The f112's electronics include flexible low-pass filtering (though most will bypass this for the receiver's crossover) and an Extreme Low Frequency trim control supplying +3/—12 dB equalization over the bottommost octave. There's also Automatic Room Optimization: Plug in the supplied test mike, and the JL adjusts its single parametric filter to "tame the primary room mode." In many cases, this will yield at least somewhat smoother and subjectively deeper-sounding bass. In my room, with the sub in my proven spot left of my front-left speaker, it resulted in subtly tighter music bass.
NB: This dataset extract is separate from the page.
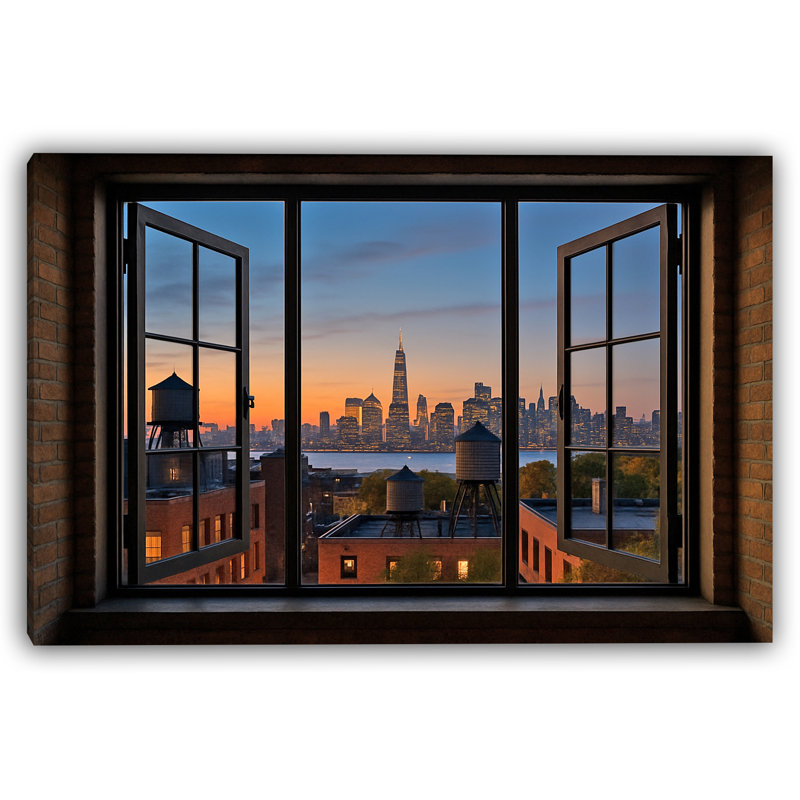 «Golden Hour Reflections - Downtown NYC», art mural sur toile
MOVIE PERFORMANCE Here's the executive summary: The JL f112 outperformed my everyday sub, a somewhat more compact sealed 12-incher of similarly lofty price, by an audible margin in both depth and power — the first visiting woofer to do so in some time. I tried lots of film and music tracks, and while passages rating only "very demanding" yielded no audible differences, my "most demanding" list told the tale.

On the helicopter rotor-beats from Chapter 4 of Black Hawk Down, at cinema-reference levels, the f112 produced a clearly more thoracic overall effect. When playing the full speaker system, this was discernible only to a practiced ear, but it was perfectly obvious with the full-range speakers muted. Plus, the JL excited rattles in my room that my regular woof could not. More important, it delivered tangibly more near-infrasonic gut-thumping from stuff like that old standby, the 'zilla footfalls from Godzilla.

MUSIC PERFORMANCE Music playback was just as impressive. Even with a fairly high crossover (80 Hz) dialed in from the processor, the JL produced a smooth, continuous blend with smaller sats, including exposed material such as solo string bass. I heard no hint of sub artifacts that called attention to its location, nor any of the "boom," "bloom," or "bloat" that afflict many subs. The f112 was invariably tight and detailed. And it was highly musical — along with powerful and low.

BOTTOM LINE This is a hell of a good subwoofer. If you've got the scratch to buy it and the abs to unpack and install it, you won't be sorry.